Jonathan Vilches empuja la carretilla a la subida del puente
Jonathan Vilches empuja la carretilla a la subida del puente
JESÚS GARZARÓN
  • UJUÉ LORENTE.IRURTZUN
Actualizada 25/07/2012 a las 08:29
Doce parejas se atrevieron el lunes a participar en la XVI edición de la cronoescalada de carretillas en Irurtzun. Uno iba sentado en la carretilla, mientras que el segundo la empujaba. La prueba no estaba exenta de obstáculos, sino que los 500 metros del carretilleródromo de Irurtzun eran una prueba de supervivencia. Un bloque de ladrillos grises y dos bases de un piso de andamio, hicieron las veces de puente. También tuvieron que pasar entre dos maderos colocados en el suelo sin tirarlos. A mitad de la prueba, el que empujaba tenía que dejar a su compañero en un lado de la calle, subirse a un andamio y tirarle uno a uno, una docena de huevos. El que iba sentado en la carretilla tenía que cogerlos al vuelo para luego, intentar llevarlos, sanos y salvos, hasta, la meta. Subían hasta el centro de cultura y ahí intercambiaban los papeles. Al que iba sentado le tocaba empujar y viceversa.

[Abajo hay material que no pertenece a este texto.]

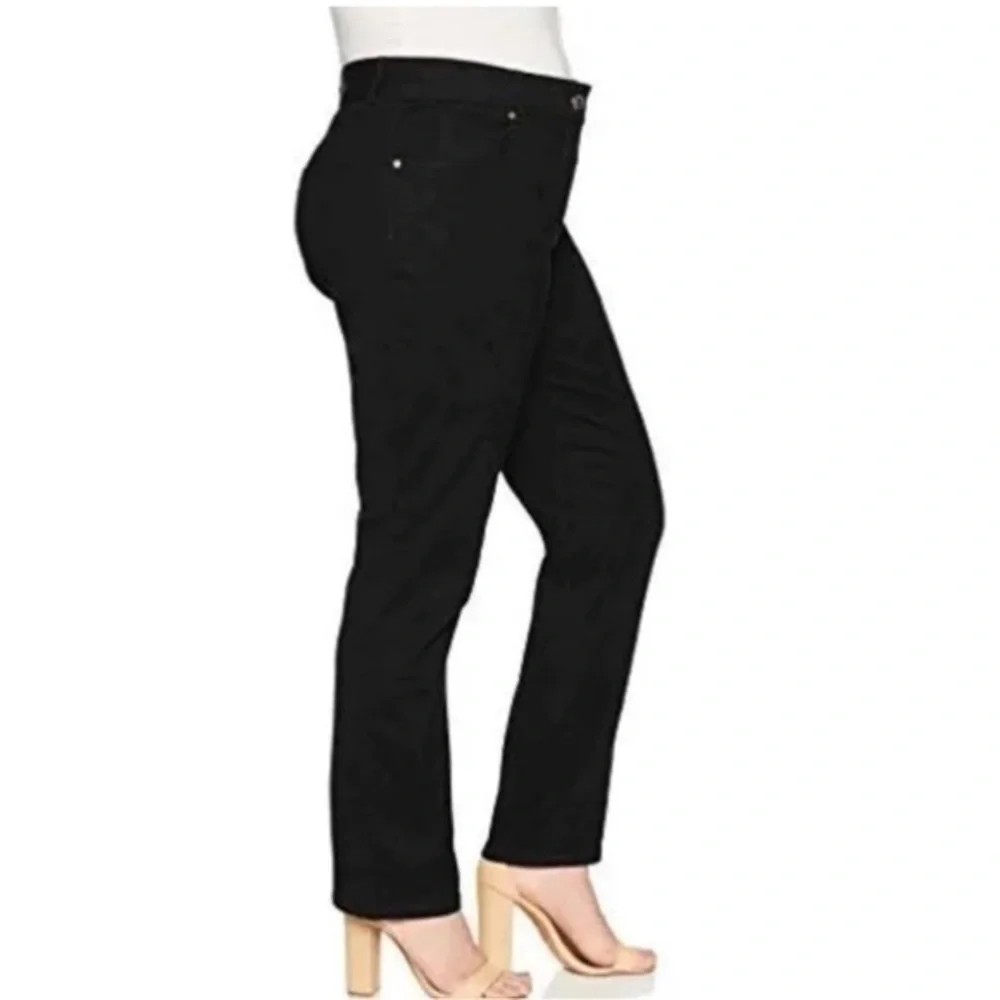 NWT Lee Relaxed Fit Straight Leg Jeans Mid Rise size 18 or 28W New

Finalmente, Jonathan Vilches Ramírez y Ramón Casteig Villalba, ambos vecinos del pueblo, se hicieron con el merecido premio al conseguir realizar el intenso recorrido en dos minutos y cinco segundos, el menor tiempo.

CAÍDAS Y RISAS

Cerca del millar de personas observaban las hazañas desde ambos lados de la calle. Pareja tras pareja fueron realizando esta prueba en la que muchos se cayeron al suelo por diversos motivos. Alguno patinaba por los huevos rotos en el suelo, otro debido a lo deprisa que iba su compañero, ponía los pies en el suelo para frenar y la carretilla hacía un amago de darse la vuelta. Ante cualquier adversidad en el camino, los participantes pronto se levantaban, ponían la mejor de sus sonrisas mientras los vecinos del pueblo animaban, aplaudían, les gritaban y se reían de cada cosa que les acontecía.